We’ve mentioned before how NBFCs were hampered by the new Companies Act, 2013. The act, applicable from April 1, 2014, required NBFCs to keep 50% of all debentures outstanding into a debenture redemption reserve (DRR). This would not affect net profits, but after profits the distributable surplus (for dividends) would reduce substantially.

According to the act, the DRR was required to be created even for privately placed debentures, along with publicly traded debentures.

Additionally, NBFCs need to put 15% of debentures maturing in the year into government securities.

This seems to have changed now, with changes to rules only being announced yesterday (kept in abeyance due to the election code of conduct).

The new notified rules say:

  • For NBFCs, only 25% of debentures are required to be placed in DRR, as applicable before the Companies act. This means business as usual.
  • Privately placed debentures don’t need a DRR. This again means business as usual.
  • However, for all non financial companies (i.e. not banks or NBFCs), the 25% DRR requirement applies to both listed and privately placed debentures. This is negative for all non-banks.

The 15% SLR Will Apply to NBFCs

  • The 15% “SLR” – meaning investment into G-Secs for debentures maturing soon – applies to all debentures. This continues to apply to NBFCs as well.

This point is tricky – the wording says:

every company required to create Debenture Redemption Reserve shall on or before the 30th day of April in each year, invest or deposit, as the case may be, a sum which shall not be less than fifteen percent, of the amount of its debentures maturing during the year ending on the 31st day of March of the next year…

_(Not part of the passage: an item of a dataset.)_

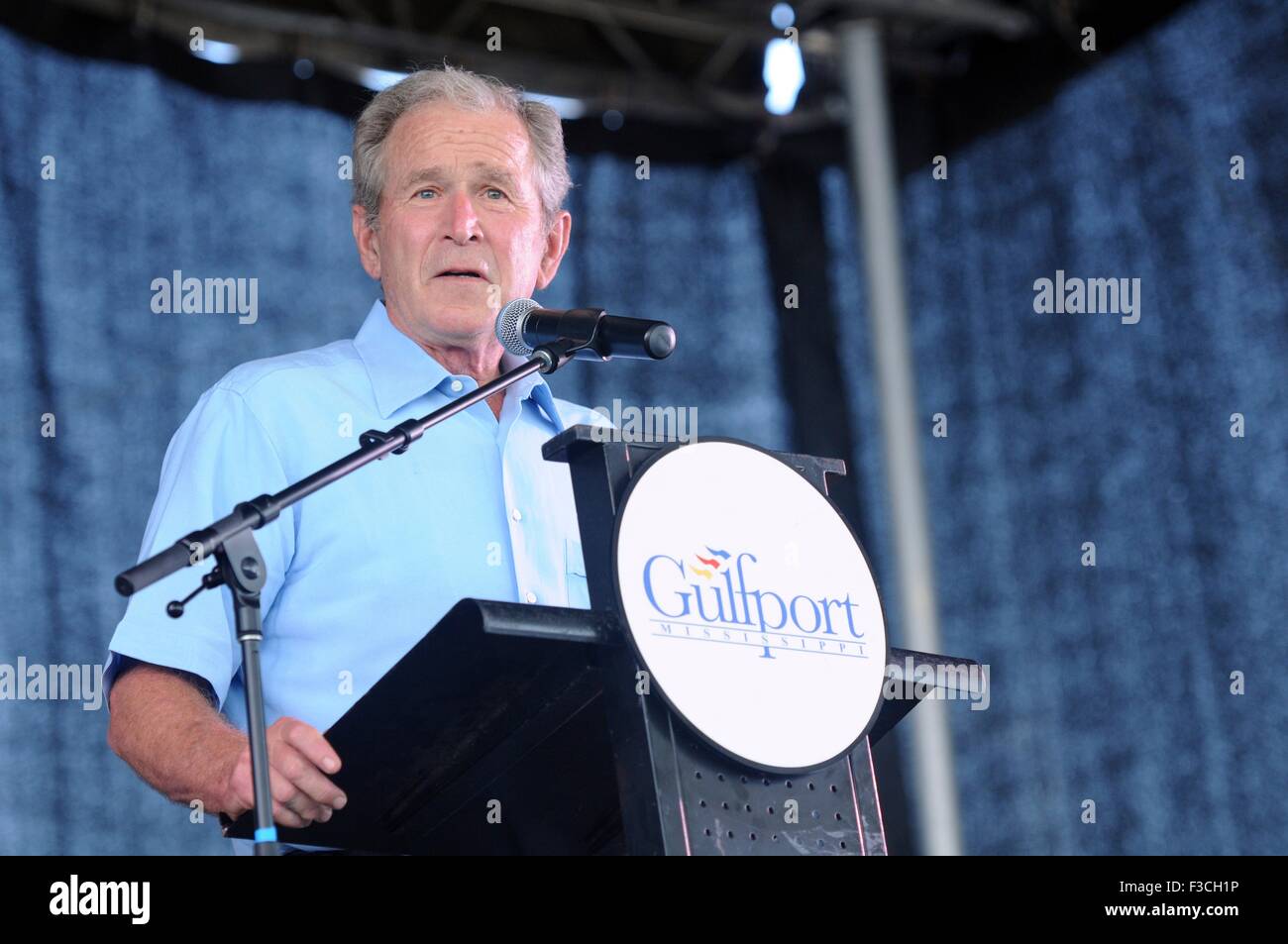 Former U.S. President George W. Bush speaks during the First Responders Remembrance marking the 10th anniversary of Hurricane Katrina at Jones Park August 28, 2015 in Gulfport, Louisiana. The president is visiting New Orleans to mark the tenth anniversary of Hurricane Katrina. Stock Photo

It means that if you need to create a DRR, you must put 15% of all maturing debentures, whether these are listed or unlisted. And it doesn’t matter if you’re an NBFC.

Of course, the only way out is if an NBFC has only unlisted debentures – such companies won’t need a debenture redemption reserve, and therefore won’t need to put 15% into G-Secs. This must include many NBFCs – I don’t currently know how many NBFCs have only unlisted debentures. The likes of HDFC, Shriram Transport, SREI, PFC, REC and such have a combination of both listed and unlisted debentures, so will have to do the 15% into G-Secs.

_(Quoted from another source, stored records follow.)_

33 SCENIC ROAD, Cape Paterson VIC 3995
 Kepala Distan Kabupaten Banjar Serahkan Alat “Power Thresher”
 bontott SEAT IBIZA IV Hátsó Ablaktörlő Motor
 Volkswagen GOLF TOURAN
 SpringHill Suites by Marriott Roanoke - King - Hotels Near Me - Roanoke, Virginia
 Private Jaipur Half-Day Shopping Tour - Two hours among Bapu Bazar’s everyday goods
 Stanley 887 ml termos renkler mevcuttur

The 30th of April date has already gone by, so NBFCs who hoped for relief on the 15% G-Sec front will get none. They have, hopefully, already invested the amounts required.

The MCA is behaving strangely by changing things suddenly, and after the last date for action was past. There was an election that restricted what they could do, so let’s cut them some slack. But let’s also get real and say that these rules may change again, after the new government comes in, because the ministry will get a new head. Let’s hope the rules stay clarified!


Like our content? Join Capitalmind Premium.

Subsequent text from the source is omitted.